If Ariana Grande’s Sweetener was the feel-good pop project of the (late-ish) summer, focusing on the catharsis of newfound love (at the time…), then Robyn’s Honey is the melancholy-ridden antithesis, appropriately dropped in the middle of fall. The Swedish singer’s eighth album streamlines emotional distress into a series of mini-narratives that ruminate on the subjects of loss, endurance, and recovery — sometimes simultaneously. Opener “Missing U” telegraphs its volatile feelings through a whirlwind of glittering synthesizers, with the steady, thumping bassline providing a sense of emotional equipoise, as Robyn’s fragile voice laments, “There’s this empty space you left behind / Now you’re not here with me.” The lyric draws significance from Robyn’s personal life: The last four years saw the death of her longtime collaborator, Christian Falk, and the dissolution of her engagement to filmmaker Max Vitali.
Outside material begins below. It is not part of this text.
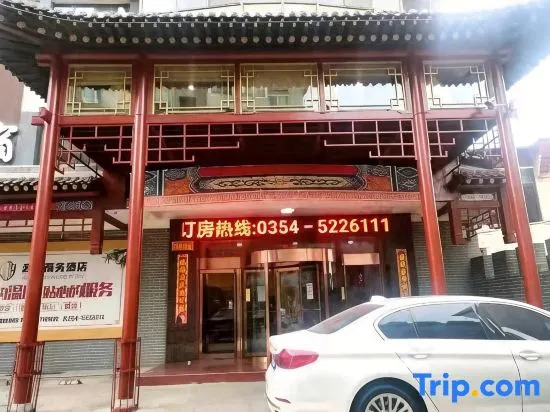 Juxian Junhao Business Hotel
But there’s still a universal accessibility to the sentiment, allowing it to apply to any heartbreak. For Robyn, music represents an all-encompassing process of healing — a suture that doesn’t always demand specifics.
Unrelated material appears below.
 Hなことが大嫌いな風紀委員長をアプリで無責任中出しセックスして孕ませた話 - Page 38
The Swedish singer’s eighth album streamlines emotional distress into a series of mini-narratives that ruminate on the subjects of loss, endurance, and recovery.
The stretch of songs on Honey from “Human Being” to “Send to Robin Immediately” serve as a stinging recoil from the boldness of “Missing U.” Minimalist synths, and the fluttering pianos melodies of “Baby Forgive Me,” all telegraph a somber retreat into the feelings of defeat caused by heartbreak. But then, the self-titled centerpiece track comes charging in, with even its cascading, house music-styled production being subsumed by Robyn’s commanding performance: “No, you’re not gonna get what you need / But baby, I have what you want.” This is the reclaiming of lost self-confidence, boldly taking back control of the album’s narrative and segueing into a liberated suite that’s danceable (“Between the Lines,” a straight banger) and unconventional (the deliberately breezy escape of “Beach2k20”). The newfound buoyancy and energy of Honey‘s latter half is encapsulated by its closer, as Robyn repeats a personal maxim (“Never gonna be brokenhearted / Ever again”) and uses the progression of a pounding drum kick to build intensity. The emphatic expression, a complete 180 from the album’s start, seems almost too much: like most things in life, grief and happiness comprise a cycle, with no real finality. But for now, at least, Robyn’s intent to overcome that reality registers its own power.